Section 10.14 Schedules and Exhibits Incorporated. The Schedules and Exhibits annexed hereto are hereby incorporated herein as a part of this Agreement with the same effect as if set forth in the body hereof.
Section 10.15 Offsets, Counterclaims and Defenses. Any assignee of Lender’s interest in and to this Agreement, the Notes and the other Loan Documents shall take the same free and clear of all offsets, counterclaims or defenses which are unrelated to such documents which either Borrower may otherwise have against any assignor of such documents, and no such unrelated counterclaim or defense shall be interposed or asserted by either Borrower in any action or proceeding brought by any such assignee upon such documents and any such right to
interpose or assert any such unrelated offset, counterclaim or defense in any such action or proceeding is hereby expressly waived by each Borrower.
Section 10.16 No Joint Venture or Partnership; No Third Party Beneficiaries.
(a) Borrowers and Lender intend that the relationships created hereunder and under the other Loan Documents be solely that of borrower and lender. Nothing herein or therein is intended to create a joint venture, partnership, tenancy-in-common, or joint tenancy relationship between Borrower and Lender nor to grant Lender any interest in any Property other than that of mortgagee, beneficiary or lender.
(b) This Agreement and the other Loan Documents are solely for the benefit of Lender and Borrowers and nothing contained in this Agreement or the other Loan Documents shall be deemed to confer upon anyone other than Lender and Borrowers any right to insist upon or to enforce the performance or observance of any of the Obligations contained herein or therein. All conditions to the obligations of Lender to make the Loan hereunder are imposed solely and exclusively for the benefit of Lender and no other Person shall have standing to require satisfaction of such conditions in accordance with their terms or be entitled to assume that Lender will refuse to make the Loan (or any disbursement of Reserve Funds) in the absence of strict compliance with any or all thereof and no other Person shall under any circumstances be deemed to be a beneficiary of such conditions, any or all of which may be freely waived in whole or in part by Lender if Lender determines it advisable or desirable to do so.
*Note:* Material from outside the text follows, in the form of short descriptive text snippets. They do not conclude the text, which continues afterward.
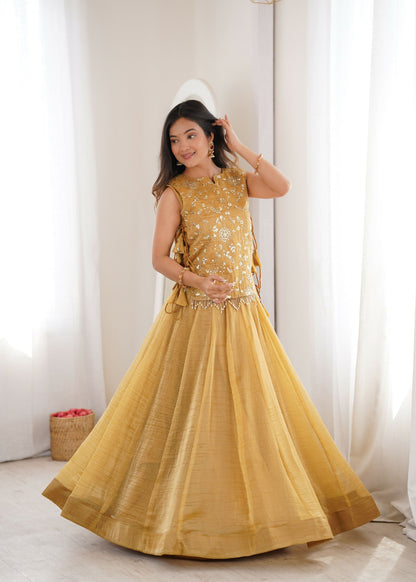 Lorenvalley Fashion Yellow Salsa Crush Plain Lehenga Choli with Koti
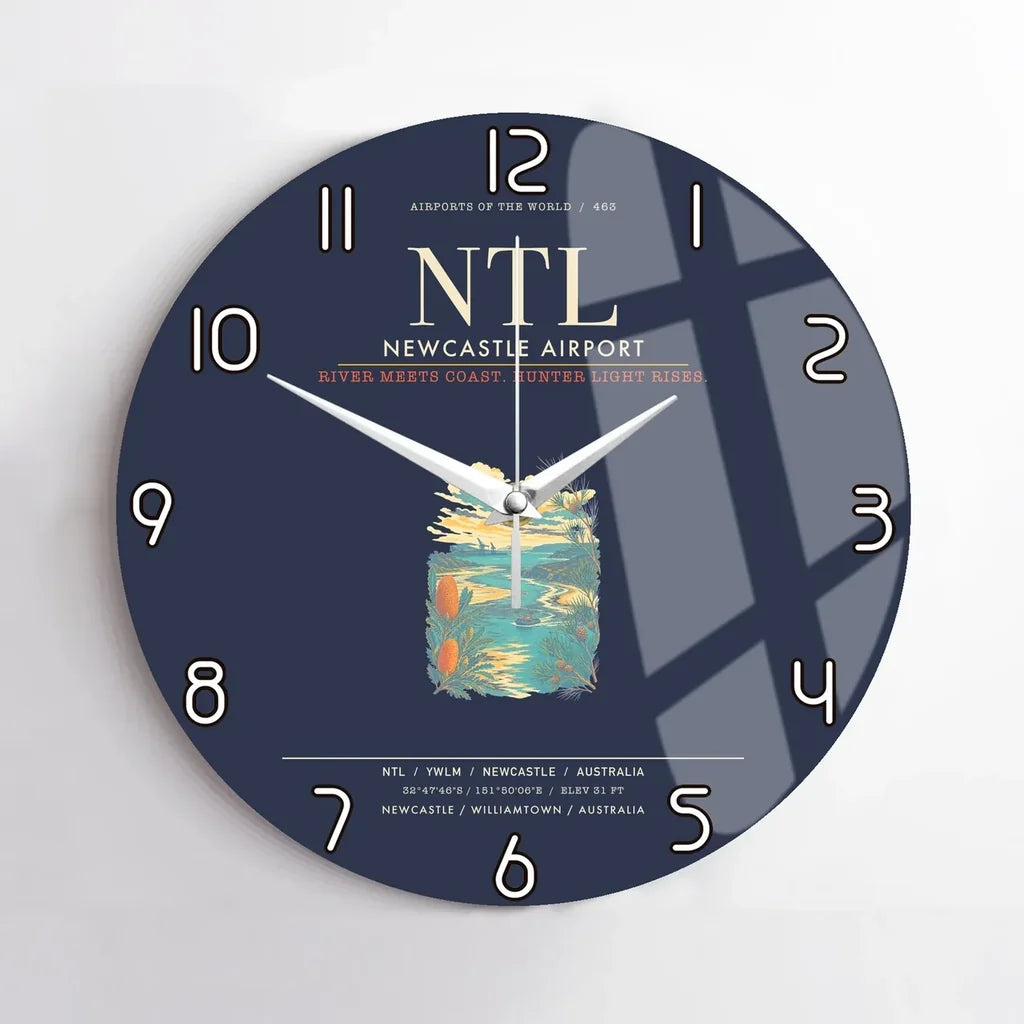 Newcastle Airport NTL Wall-Clock No-Frame - Navy Blue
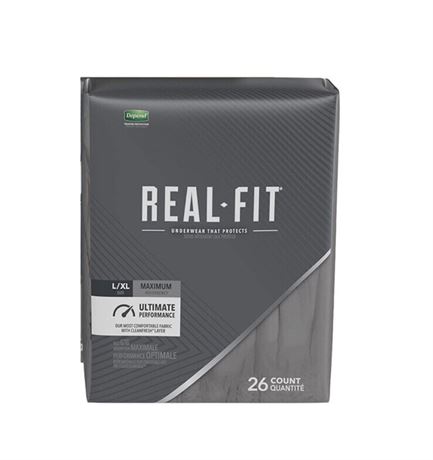 Depend Real Fit Incontinence Underwear for Men Maximum Absorbency L/XL 26CT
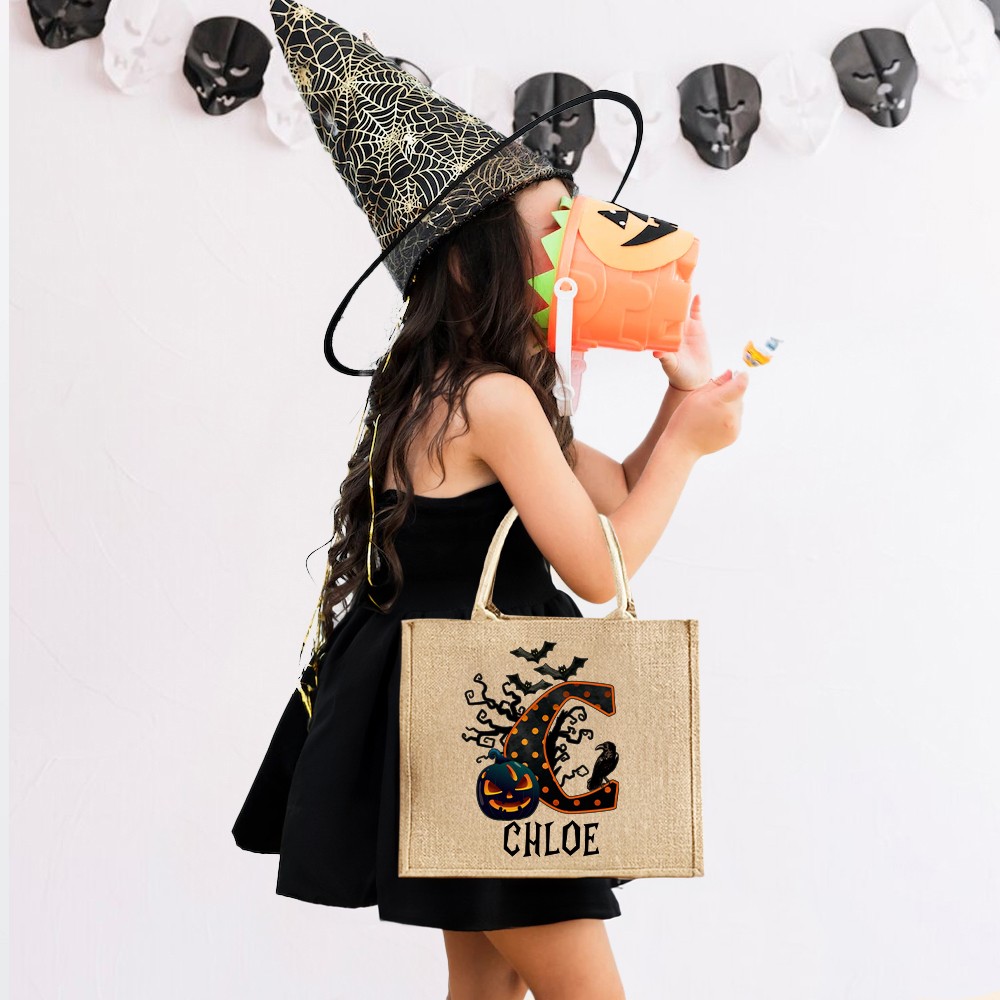 Personalized  Name Halloween Tote Bag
Section 10.17 Publicity. All news releases, publicity or advertising by either Borrower or its Affiliates through any media intended to reach the general public which refers to the Loan Documents or the financing evidenced by the Loan Documents, to Lender or to any of its Affiliates, shall be subject to the prior approval of Lender. Nothing in this Section 10.17 shall prevent either Borrower or Lender from disclosing any information otherwise deemed confidential under this Section 10.17 in connection any Legal Requirements or any statutory reporting requirement applicable to either Borrower or Lender.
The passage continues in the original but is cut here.